Hablando con la vendedora ambulante a las orillas del Ganges y viendo sus quemaduras que le daban un aire tristísimo, entendí que en el inconsciente colectivo de ese país aún ronda el fantasma del Sati (las mujeres que se arrojaban a las hogueras donde cremaban a sus maridos para que con su sacrificio se borraran los pecados de sus maridos). Aunque la práctica como tal fue abolida en el siglo diecinueve, en los ochentas una mujer de 26 años acabó en la hoguera donde cremaban a su esposo bajo la mirada de su familia política que no hizo nada para detenerla, muchos aseguran que murió contra su voluntad. El hecho es que la relación entre el fuego (sagrado, purificador, ceremonial) y la psique India es inseparable. En el Ramayana, Sita (la mujer del héroe Rama) se arroja al fuego después de infructuosamente tratar de convencerlo que su castidad sigue intacta a pesar de haber sido raptada por el enemigo. Rama la rechaza, ella no puede con su desprecio y se arroja al fuego. Pero los dioses la salvan (otra vez la religión siendo guardiana de la castidad femenina) y Rama la perdona. En el lugar donde murió la joven de 26 años se erigió un centro de peregrinación donde miles de visitantes llegan a exaltar su virtud.

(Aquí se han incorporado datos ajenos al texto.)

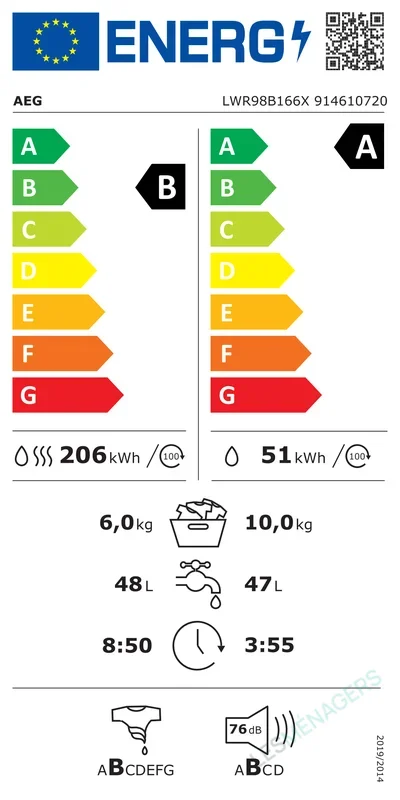 Étiquette énergie — AEG LWR98B166X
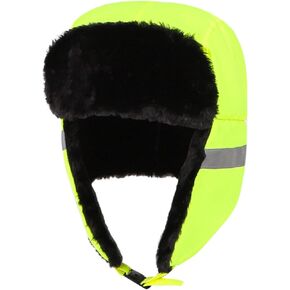 Men Warm Trapper Hat Windproof Faux Fur Balaclava Reflective Winter Safety Hat Fleece Lined Worker Hat Skiing Hat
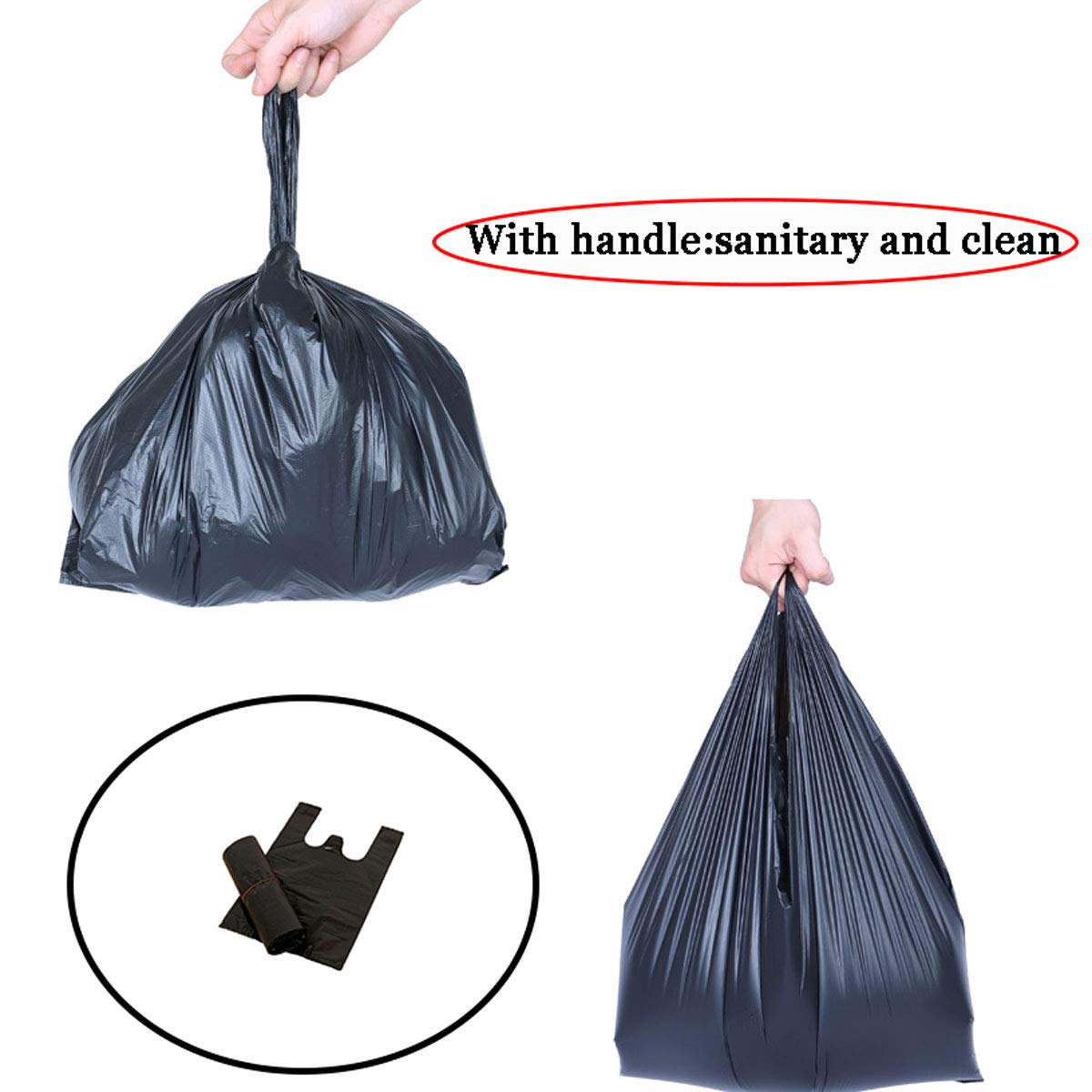 Sanitary Napkin Disposal Bags - 300 Count Small Black Plastic Trash Bags with Handles for Tampons & Feminine Hygiene Products | Discreet & Odor-Controlling | Perfect for Travel, Home, Office & Public Restrooms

Un mes es muy poco tiempo para sacar conclusiones acerca del estado de las mujeres de ese país, mucho más aun cuando las consideraciones vienen de parte de una turista con una limitada bibliografía y poquísimo contacto directo con las mujeres ahí. Sin embargo hay otros referentes con los que inevitablemente uno termina estableciendo comparaciones, y en ese caso India sale mal librada.
A fin de cuentas creo que mi frustración con lo que vi tiene mucho que ver con mi experiencia de visitante. En los ocho hoteles en que dormimos en la India no tuvimos ni una anfitriona, en ninguno de los muchos restaurantes en que comimos vimos a una sola mujer trabajando, en ningún tren compartimos cabina con una mujer viajando sola, en ninguna agencia de viaje nos atendió una mujer. Puede que sea todo coincidencia y que la realidad sea muy diferente… Ojala sea así porque para mí antes India tenía identidad femenina, ahora ya no sé.